DIECIMILA E CENTO GIORNI
Storie di uomini tra Italia e America Latina
di MARIA PIA ROMANO

Un tuffo che ha il colore del giallo ocra e del verde intenso, di mandorle amare, schizzi di sudore e deliri di lacrime. Di Italia ed America Latina, di viaggi e di fughe, di ritorni e di allontanamenti. Di esaltazione di popoli, di passioni e grida senza voce nella notte. Del blu e dell'azzurro di cielo e mare. Gli stessi che guardano fluire i giorni, i diecimila e cento giorni, mentre la brezza marina scuote il pino le cui radici restano annodate alla terra. All'amore, alla ricerca costante che dà un senso alle cose, alla vita che è fatta di scenari che cambiano, di sogni di libertà da
condividere con i compagni, di ansie e sconforti segreti, che si affondano nel dolore della bulimia, ingurgitando per rabbia e insoddisfazione cibi di cui non si riesce a percepire il sapore. Emersione, immersione, navigazione, approdo: in quattro sezioni si snoda avvincente la narrazione, che racchiude un arco di trentaquattro anni, dal 1970 al 2004.
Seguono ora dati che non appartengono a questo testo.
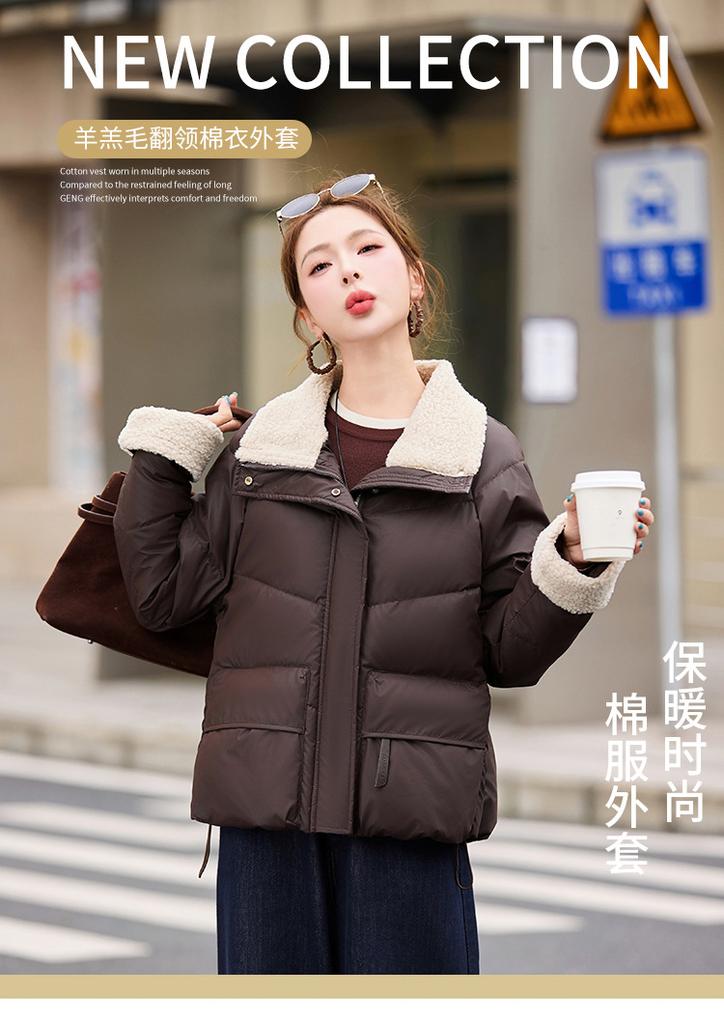 Short lamb wool lapel cotton clothes for women's winter new loose foreign style thickened warm cotton coat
E' uno di quei libri che si vorrebbe non finissero mai i "Diecimila e cento giorni" di Claudio Martini, edito da Besa. Ti capita tra le mani e lo leggi d'un fiato, perdendoti in quei nomi che diventano subito uomini e tu li ascolti e li vedi soffrire, gioire, respirare, far l'amore. Destini che s'incrociano e si salvano a vicenda, in un costrutto narrativo di suprema bellezza.
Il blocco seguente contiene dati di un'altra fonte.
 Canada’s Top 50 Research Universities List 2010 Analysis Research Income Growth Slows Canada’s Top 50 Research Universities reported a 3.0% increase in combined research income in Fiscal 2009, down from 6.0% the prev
Ci sono immagini che s'imprimono nitide e vere nella mente, mentre insegui il tuo cuore rapito dalle storie. Storie di uomini. Storie che vengono fuori in una sorta di "stream of consciousness", in cui più che la cronologia conta il tempo interiore, che ti porta direttamente dentro le porte delle loro case e ti dischiude l'universo dell'anima. Fotogrammi sospesi tra un'Italia che si chiude dietro un perbenismo di facciata e cela solo irriguardose marginalità ed un'America Latina che grida la sua libertà con fierezza sconcertante, mentre è ancora oppressa da un macigno sul cuore che non la fa respirare.

Lo psicologo di origini tarantine, che ha una lunga esperienza di lavoro all'estero, proprio in America Latina, scrive di Perù, Nicaragua, Messico, Kosovo, Italia con la penna guizzante di una grande intelligenza che, come lama, squarcia la cortina dell'indifferenza dei tanti.